Zavallı Bağrı Yanık Arap
“Eve döndüğümde dayımla Arap gitmişlerdi. Doğruca oturma odasına koştum, kimse yoktu. Geride bıraktıkları tek şey vücutlarının ve içtikleri tütünün kokusuydu.
“Ne konuştular?” diye sordum anneme.
“Dinlemedim.”
“Hiç konuştular mı peki?”
“Bilmem.”
“Konuşmadılar yani.”
“Bazı insanlar bir şey anlatmak istediklerinde konuşurlar, bazılarının bir şey anlatmak için konuşmaya ihtiyaçları yoktur.” dedi annem.
“Hiçbir şey söylemezsen nasıl konuşursun ki?” diye merakla sordum.
“Sözsüz konuşursun. Biz daima sözsüz konuşuyoruz.”
“Öyleyse kelimeler ne işe yarıyor?”
“Çoğu zaman hiçbir şeye. Çoğu zaman da asıl söylemek istediklerini gizlemeye ya da bilinmesini istemediklerini saklamaya yararlar.”
“Peki onlar da konuşuyor mu?”
“Sanırım konuşuyorlar. Oturup kahve ve sigara içiyorlar. Ağızlarını hiç açmıyorlar, yine de devamlı konuşuyorlar. Birbirlerini anlıyorlar, bunun için ağızlarını açmaya ihtiyaçları yok, çünkü saklayacak bir şeyleri yok.”

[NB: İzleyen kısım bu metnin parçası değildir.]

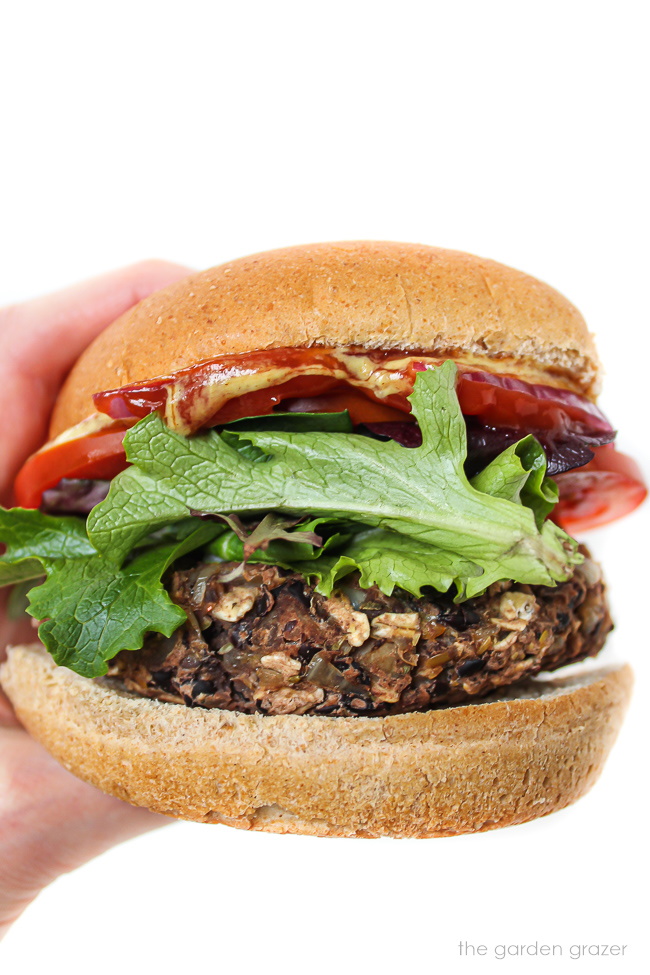 Hand holding a vegan black bean mushroom burger in bun with toppings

“Gerçekten ne konuştuklarını biliyorlar mı?”
“Tabii ki.”
“Ne konuşuyorlar peki?”
“Bunu ben bilemem.” dedi annem, “Çünkü kelimelerle konuşmuyorlar. Ama onlar biliyorlar.”
Bir yıl kadar bu böyle sürüp gitti. Hosrov dayım ve Arap, bize gelip oturma odasında oturmaya devam ettiler. Bazen bir, bazen iki saat öylece oturuyorlardı.
Bir keresinde dayım Arap’a birdenbire, “Boşver gitsin. Bak, sana söylüyorum!” diye bağırdı. Ama o hiçbir cevap vermedi.”